Principes d'aménagement des cours d'eau

Une attention particulière doit être portée aux fluctuations verticales des lits fluviaux, notamment lorsqu’il s’agit d’implanter des ouvrages de protection de berge. Ces fluctuations peuvent provoquer la ruine de l’ouvrage par déchaussement, et inversement, la stabilisation des berges peut dans certains cas amplifier une tendance lourde à l’enfoncement du lit par diminution de la fourniture sédimentaire. L’érosion des berges participe en effet à la recharge sédimentaire des lits et donc à l’équilibre morphologique du système.
 
Fig. 3 - Exemple de respiration du lit mesurée sur un petit torrent du Diois (la Barnavette), entre 1997 et 2002, au droit d’une section en travers sur un tronçon divaguant (Liébault 2003).On distingue deux grands types de fluctuations verticales en fonction des échelles de temps auxquelles elles se produisent. Les fluctuations sur des pas de temps courts, typiquement à l’échelle de la crue ou de la saison, sont gouvernées par des déséquilibres provisoires du transport solide. On parle parfois de respiration du lit, ce dernier passant par des phases courtes de stockage et déstockage, qui se compensent mutuellement (fig. 3). Dans les rivières de montagne, toujours proches des sources sédimentaires (érosion des versants), cette respiration traduit l’irrégularité de l’alimentation solide depuis les versants.
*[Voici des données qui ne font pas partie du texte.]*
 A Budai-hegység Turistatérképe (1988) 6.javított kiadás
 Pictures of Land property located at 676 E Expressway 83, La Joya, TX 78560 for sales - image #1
Il faut donc imaginer la propagation de petites vagues sédimentaires depuis l’amont, dont le passage en une section donnée se traduit par un cycle dépôt-reprise. Le lit va s’engraver lorsque la vague se dépose, puis se creuser lorsque ces matériaux vont transiter vers l’aval. Ces phénomènes se retrouvent plus en aval lors de la migration de macroformes sédimentaires (vague de plus grande ampleur). Ils traduisent également le caractère très discontinu du charriage, les particules étant généralement déplacées sur des distances relativement courtes (typiquement quelques centaines de mètres pendant un épisode de crue).
 
Fig. 4 - Incision du lit sous l’effet du reboisement (phase I) et des extractions de graviers (phase II) pour le Po et l’Arno en Italie (Surian et Rinaldi 2003).Des fluctuations verticales peuvent aussi se produire sur des pas de temps longs (décennaux voire séculaires). Dans ce cas, elles traduisent les modifications du régime sédimentaire du bassin versant, défini comme le différentiel entre les entrées et les sorties solides. Lorsque le régime est en équilibre, les fluctuations se compensent et l’altitude moyenne du lit reste stable. Lorsque le régime est excédentaire (entrées > sorties), le lit s’engrave de manière durable. On parlera alors d’exhaussement. Ceci se traduit souvent par une expansion latérale de la bande active et par l’amplification du tressage. Inversement, lorsque le régime est déficitaire (entrées < sorties), le lit s’enfonce et on parle d’incision. Ces tendances s’analysent à partir de données historiques (anciens levés topographiques) et elles permettent de replacer l’état actuel dans la trajectoire morphologique du système (fig. 4). Sur l’exemple en figure 4, le Po et l’Arno, aux altitudes considérées, ne sont pas des cours d’eau de montagne, mais des rivières de piémont. Néanmoins, les trajectoires présentées sont ici influencées par l’évolution de la production sédimentaire des têtes de bassin.
 
Dans les Alpes françaises, la grande majorité des rivières présentent des régimes déficitaires dus aux extractions de graviers massives des années 1970 et 1980 et de la reconquête forestière planifiée (travaux RTM : restauration des terrains en montagne, etc.) et spontanée des versants (Bravard 1991 ; Liébault et al. 2005). Ceci se traduit par une incision accélérée, qui peut atteindre près de 10 mètres à l’échelle du siècle en valeur maximum (Peiry et al. 1994).